August 21, 2009 - Our Lady Peace Climb The Walls
By Al Shipley

Toronto's Our Lady Peace is, like most Canadian bands, much bigger in its home country than in America. Though the band has had a fair amount of success on American radio, Our Lady Peace appears to carry a sense of its diminished status here with it when touring the states. Monday night at the 9:30 Club in Washington, frontman Raine Maida repeatedly thanked the audience for "remembering us" in the four years since the band's last album. The band opened with a crowd-pleasing block of songs that included two of its biggest hits, "Superman's Dead" and "Clumsy," as well as "Innocent," which is now perhaps best known for being butchered by David Cook on American Idol. But when it was time to showcase tracks from the band's recently released album Burn Burn, Maida somewhat sheepishly asked permission to play some new songs.

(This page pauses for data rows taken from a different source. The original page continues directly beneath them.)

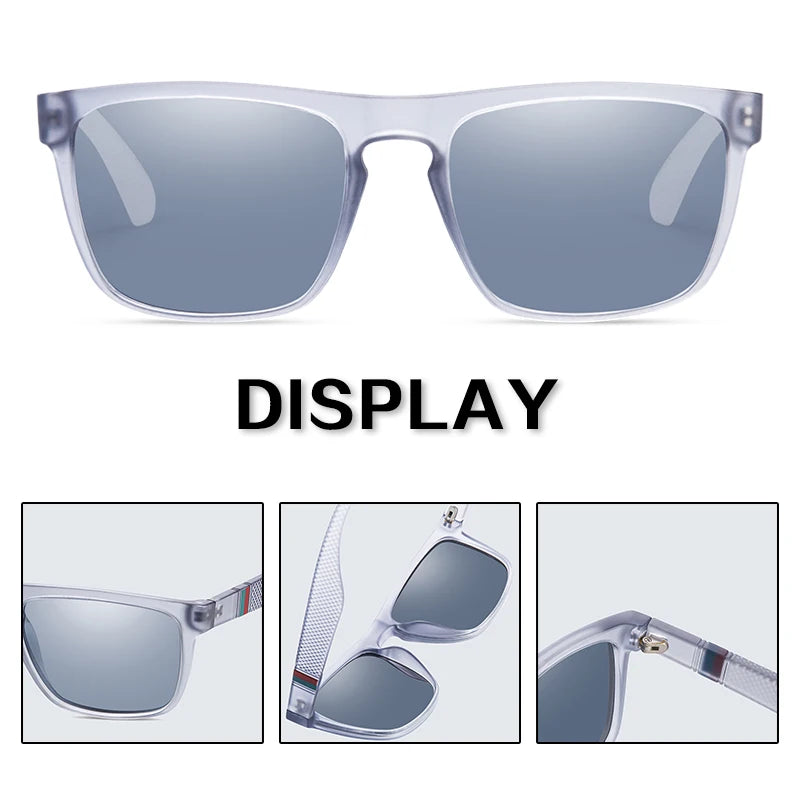 Vintage Square Polarized Sunglasses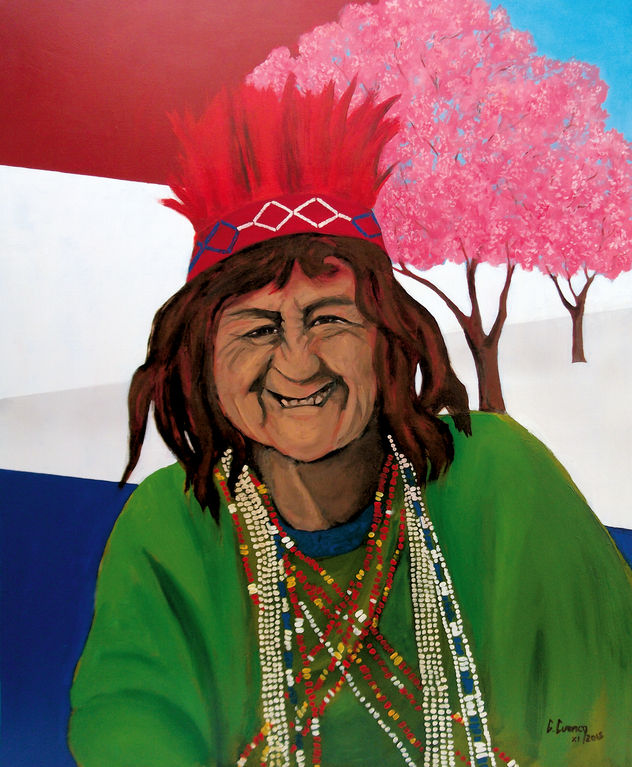 India Maká (Rep.del Paraguay)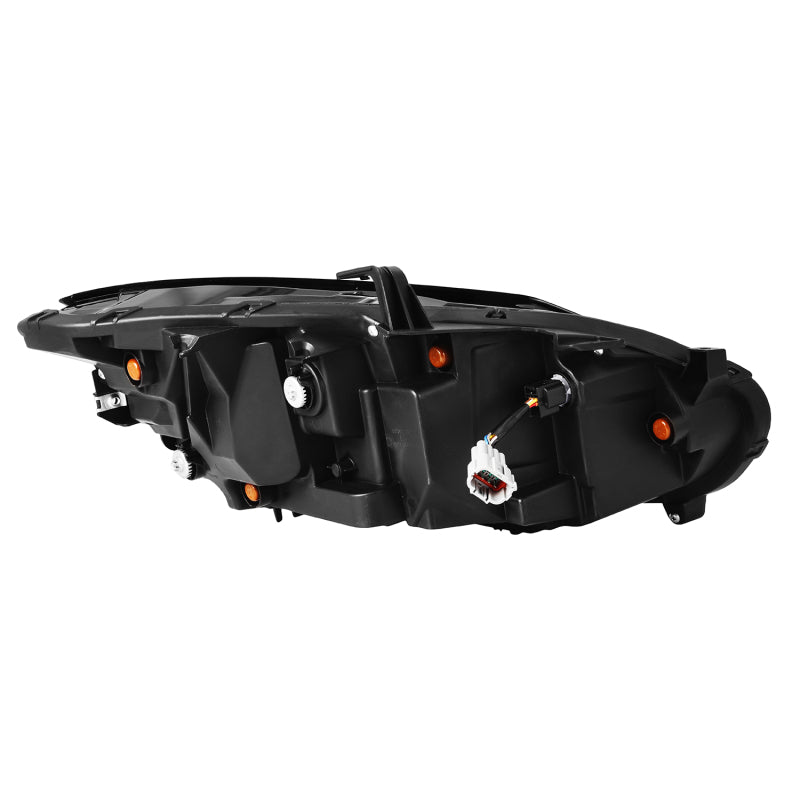 AlphaRex 23-24 Nissan Z NOVA-Series LED Projector Headlights Alpha-Blk w/Activation Light & Seq.Sig 880494 *Discontinued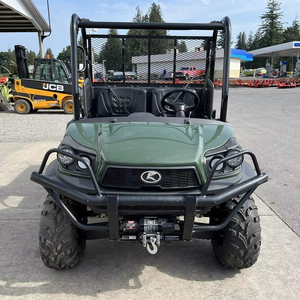 2018 Kubota RTV-XG850 SIDEKICK 500cc 4 Stroke Automatic Utility Vehicle 1000W Power Diesel Gas Fuel Options <strong>EPA</strong> <strong>EEC</strong> Certified - Product Image 5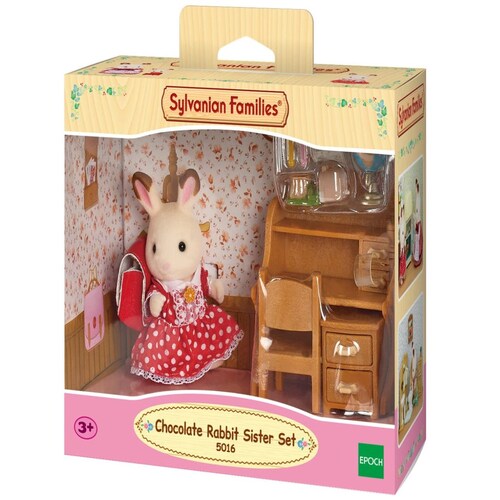 Set de Escritorio Freya Conejo Chocolate Epoch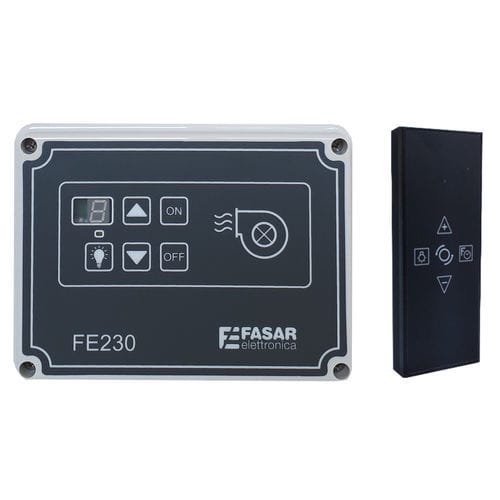 Régulateur de vitesse numérique - FE230/R - Fasar Elettronica S.r.l. - monophasé / pour moteur à induction / à microprocesseur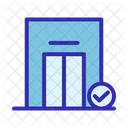 Check Lift  Icon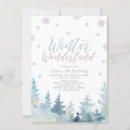 Search for snowflake birthday invitations Modern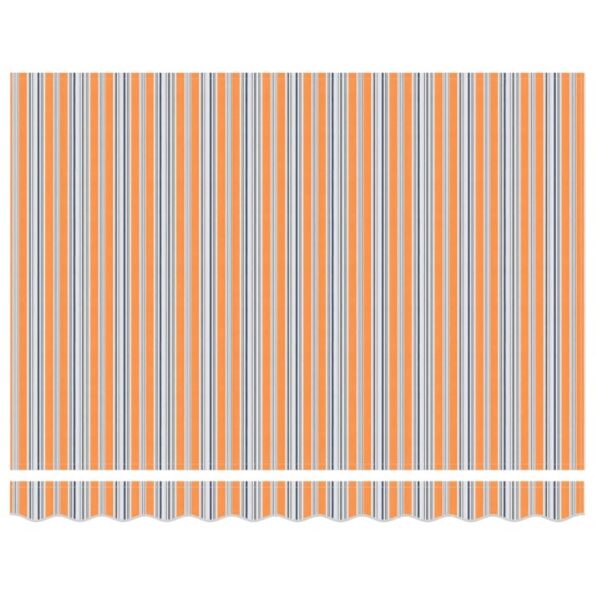 vidaXL Zatemniteľná markíza Morská modrá 350x200 cm Hliník a polyester – Obrázok 6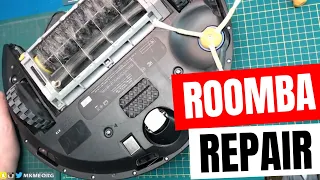 Roomba Vacuum Repair & Maintenance LIVE🔴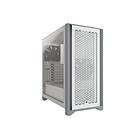 Corsair 4000D Airflow (Vit/Grå/Transparent)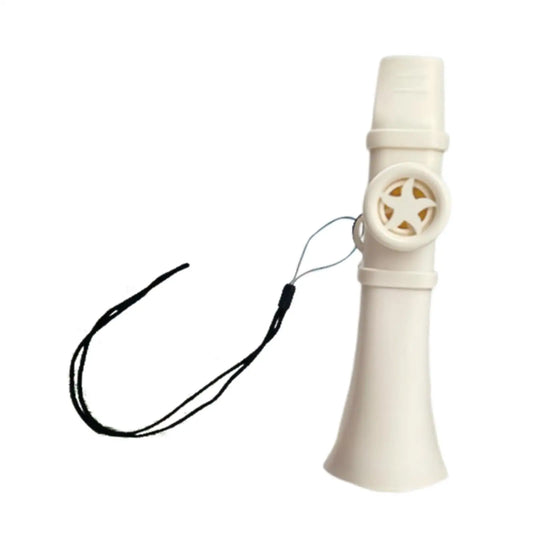 Kazoo Flute Professional with Lanyard Easy to Play Accompaniment Lightweight Mouth Flute for Violin Adults Beginner Music Lovers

The insecurity, or at least the mock-humble routine, if that's what it was, really wasn't necessary. Our Lady Peace may have been one a gazillion major-label bands to crop up in the wake of grunge in the mid-'90s, but it's one of the few from the era that shares more kinship with a band like U2, unafraid to be a little more grandiose and spiritual and touchy-feely. That sensibility, combined with the band's experience playing larger venues up north, gives its club shows an emotive sense of spectacle that suits its big riffs and soaring choruses. Maida's voice, always swinging between the extremes of a low, nasal croak and an expressive wail, is an odd instrument, but it's also the band's greatest asset. Still, he knew when to let the audience take the lead and sing the chorus to "4 A.M." or the wicked falsetto hook on "Is Anybody Home?"

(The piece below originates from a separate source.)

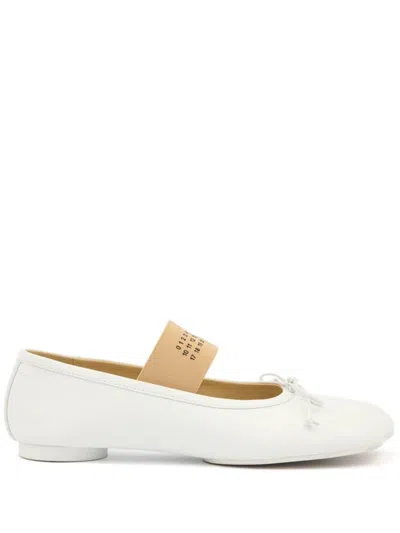 Mm6 Maison Margiela Anatomic Leather Ballets
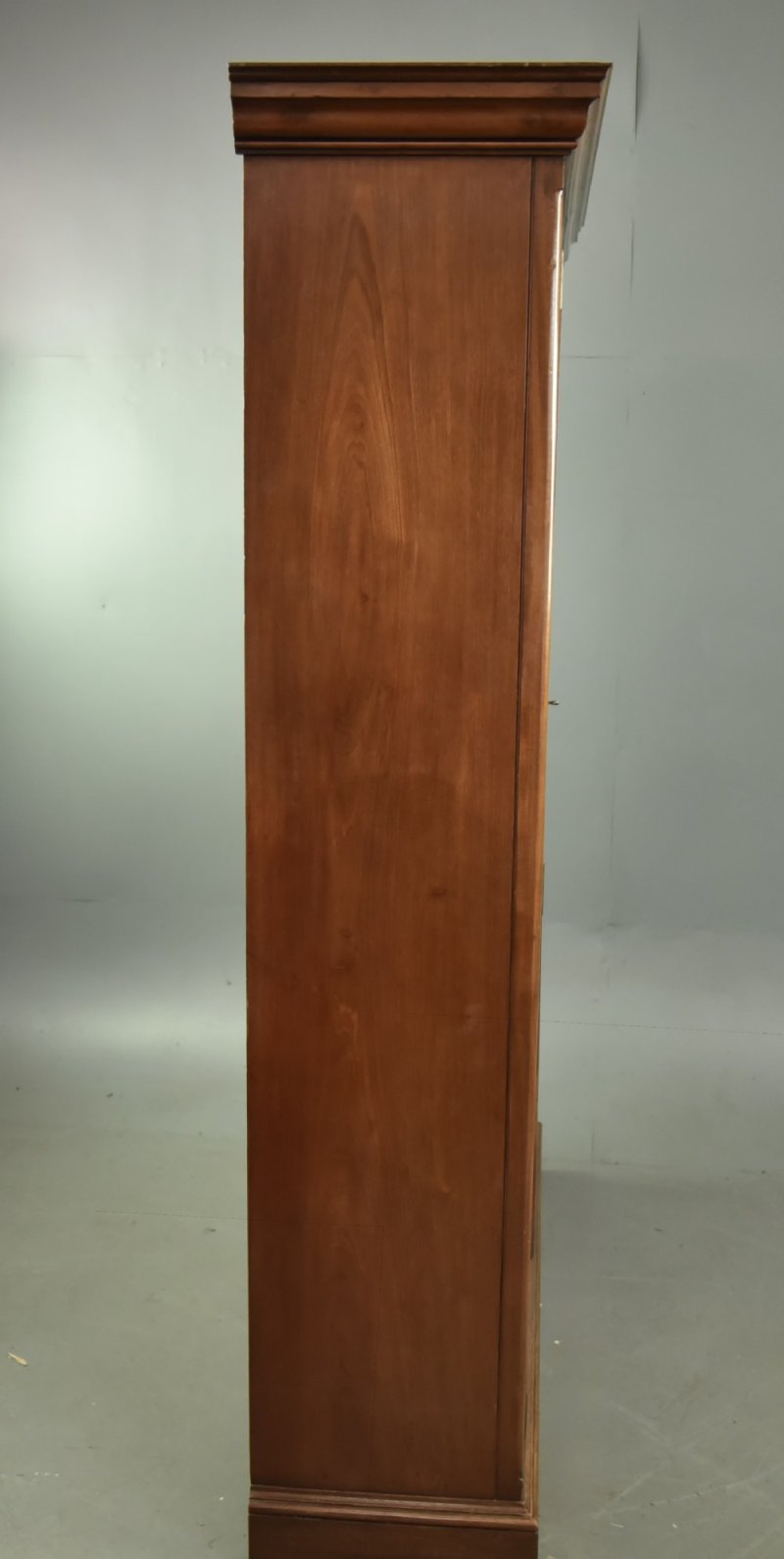 Victorian Mahogany Shop Display Cabinet Bookcase - Image 4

But the shot in the arm that made the show truly memorable was at the end of the band's set, during the current single "All You Did Was Save My Life," when Maida decided to climb up to the balcony on the right side of the room, something I've never seen anyone attempt in my decade of seeing shows at the 9:30. It may be a pretty standard rock-star stunt, but the leaping and climbing it took to get up there, and the fact that the club's staff looked genuinely freaked out, made it a pretty thrilling moment to cap what was already a pretty great show. Even when the band returned to the stage for an encore that included perhaps its best song, the 1995 breakthrough "Starseed," it was clear the climax of the night had already occurred.